Web page caption snippets:
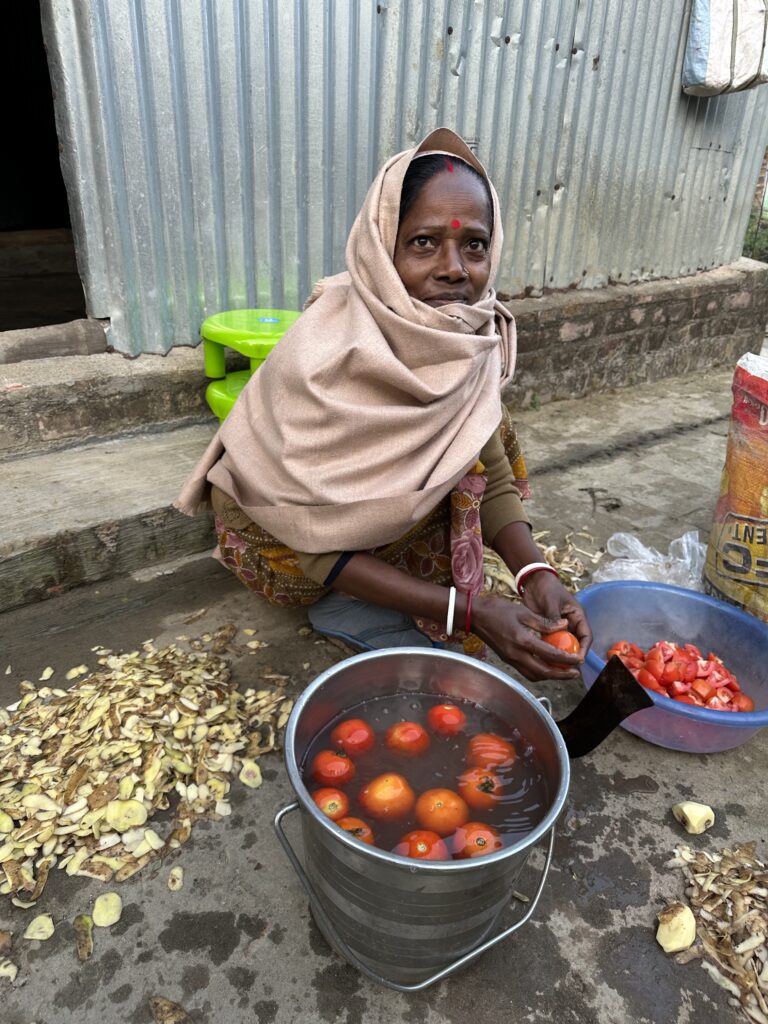 Cutting vegetables, Jamuna didi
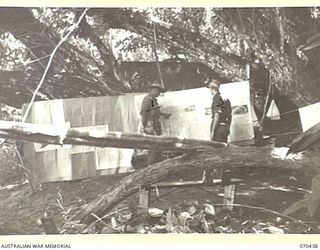 WEBER POINT, NEW GUINEA, 1944-02-14. NX112661 LIEUTENANT COLONEL P.W. CROSKY, (1), COMMANDING OFFICER 4TH INFANTRY BATTALION, WITH NX124560 LIEUTENANT T.F. WADE-FERREL, THE LIAISON OFFICER, 8TH ..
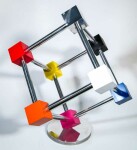 In this dynamic sculpture by Phillipe Pallafray, an open 3D stainless steel cube; each point connected by a brightly coloured solid cube in … Image 8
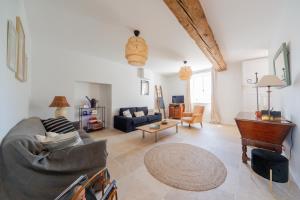 a living room with a couch and a piano at Domaine de La Baisse in Saint-Étienne-la-Varenne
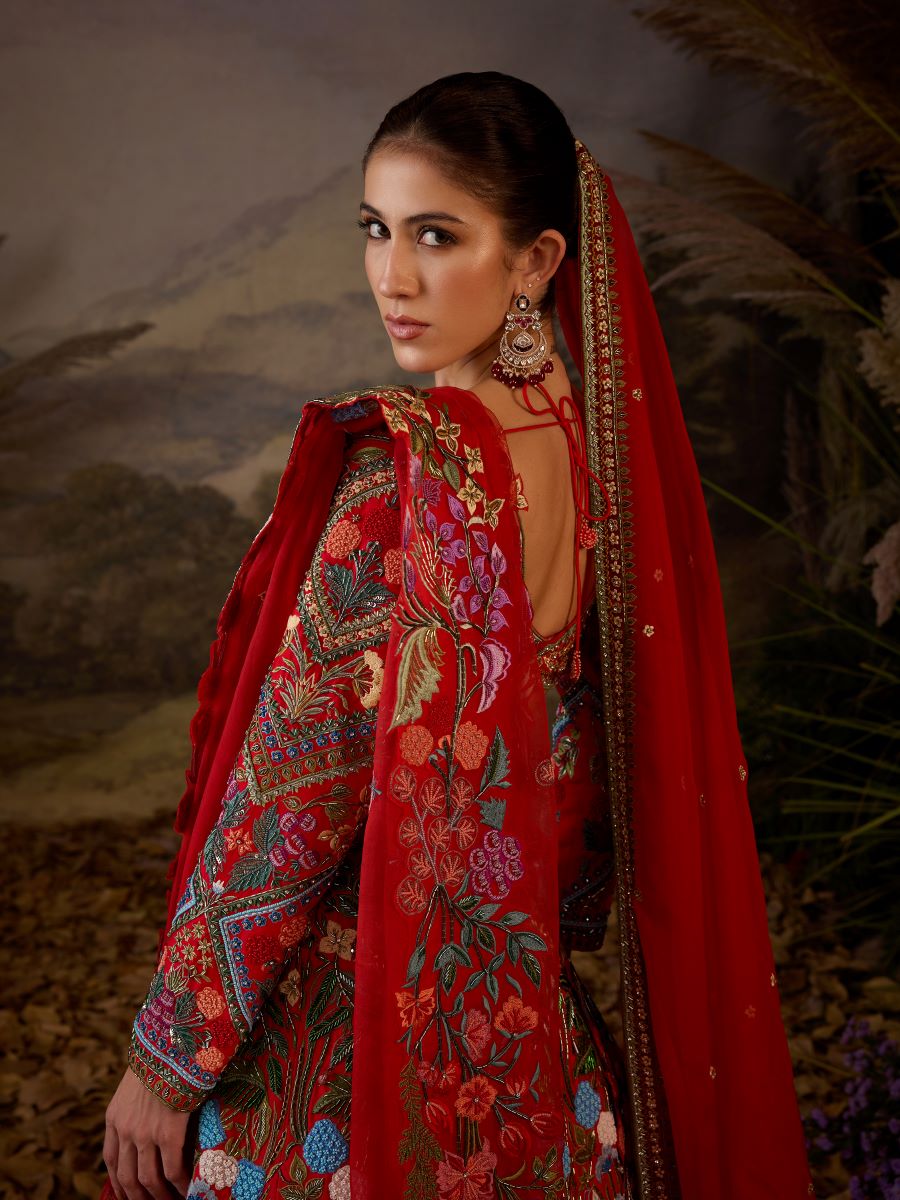 A red organza & cotton silk  lengha with v neck line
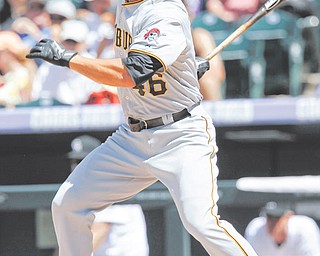 The Pittsburgh Pirates’ Garrett Jones follows the flight of his leadoff single off Colorado Rockies relief pitcher Matt Reynolds in the fifth inning of Wednesday’s baseball game in Denver. The Pirates rallied to defeat the Rockies, 9-6, with Jones having three hits, including one of Pittsburgh’s four home runs.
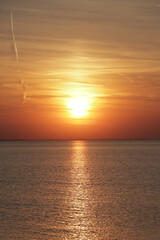 Vertical photo of the sun setting in the ocean during golden hour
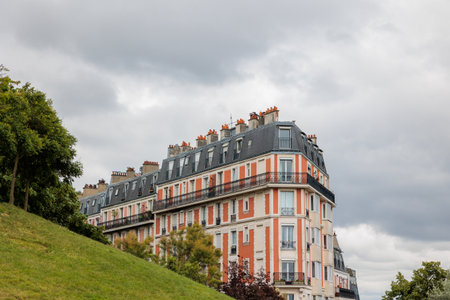 Traditional Parisian buildings with wrought iron balconies and mansard roofs are standing on a hill...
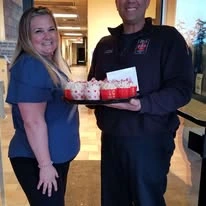 Capitol Ridge Gracious Retirement Living Hawthorn Senior Independent Living in Bristow, Virginia staff with Valentine's Day treats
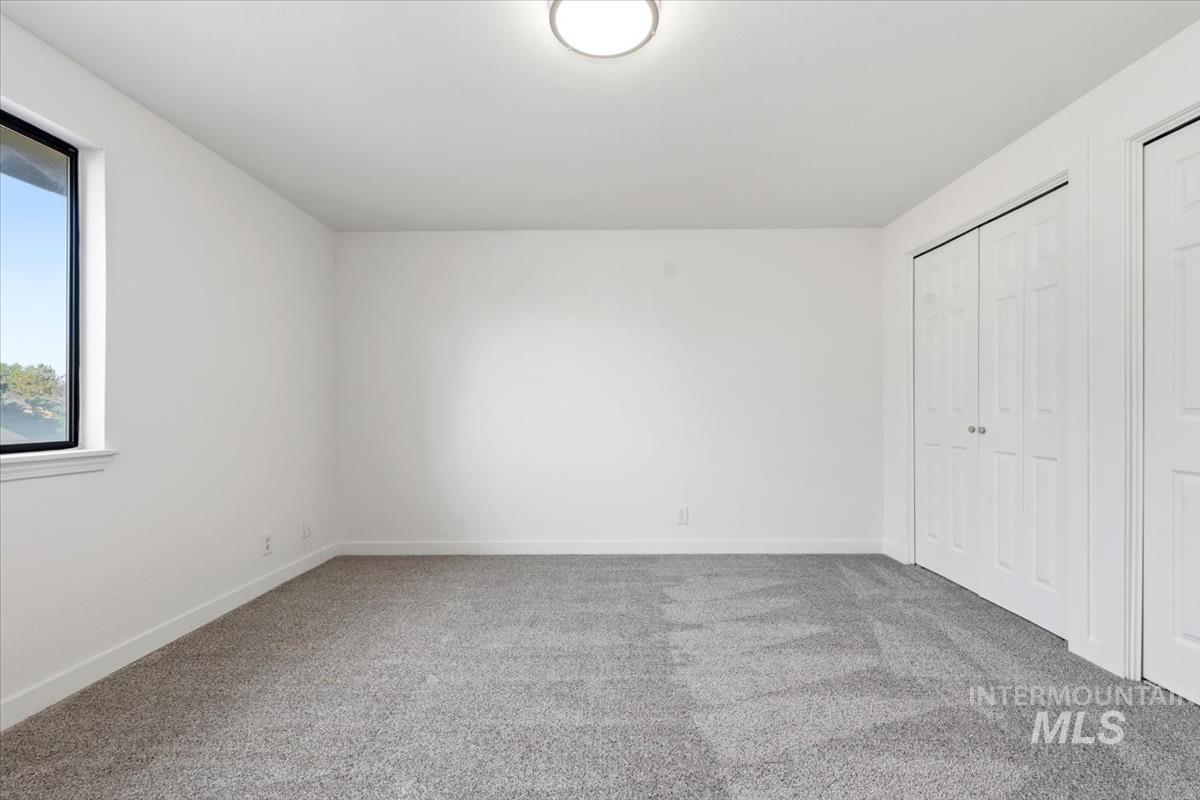 Spacious room featuring neutral carpeting, white walls, a large window with black framing, and two double-door closets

WORK ORDER: Every line above is to be repeated exactly, but no picture is to appear in the copy.

WRITTEN ANSWER:
 Cutting vegetables, Jamuna didi
 WEBER POINT, NEW GUINEA, 1944-02-14. NX112661 LIEUTENANT COLONEL P.W. CROSKY, (1), COMMANDING OFFICER 4TH INFANTRY BATTALION, WITH NX124560 LIEUTENANT T.F. WADE-FERREL, THE LIAISON OFFICER, 8TH ..
 In this dynamic sculpture by Phillipe Pallafray, an open 3D stainless steel cube; each point connected by a brightly coloured solid cube in … Image 8
 a living room with a couch and a piano at Domaine de La Baisse in Saint-Étienne-la-Varenne
 A red organza & cotton silk  lengha with v neck line
 The Pittsburgh Pirates’ Garrett Jones follows the flight of his leadoff single off Colorado Rockies relief pitcher Matt Reynolds in the fifth inning of Wednesday’s baseball game in Denver. The Pirates rallied to defeat the Rockies, 9-6, with Jones having three hits, including one of Pittsburgh’s four home runs.
 Vertical photo of the sun setting in the ocean during golden hour
 Traditional Parisian buildings with wrought iron balconies and mansard roofs are standing on a hill...
 Capitol Ridge Gracious Retirement Living Hawthorn Senior Independent Living in Bristow, Virginia staff with Valentine's Day treats
 Spacious room featuring neutral carpeting, white walls, a large window with black framing, and two double-door closets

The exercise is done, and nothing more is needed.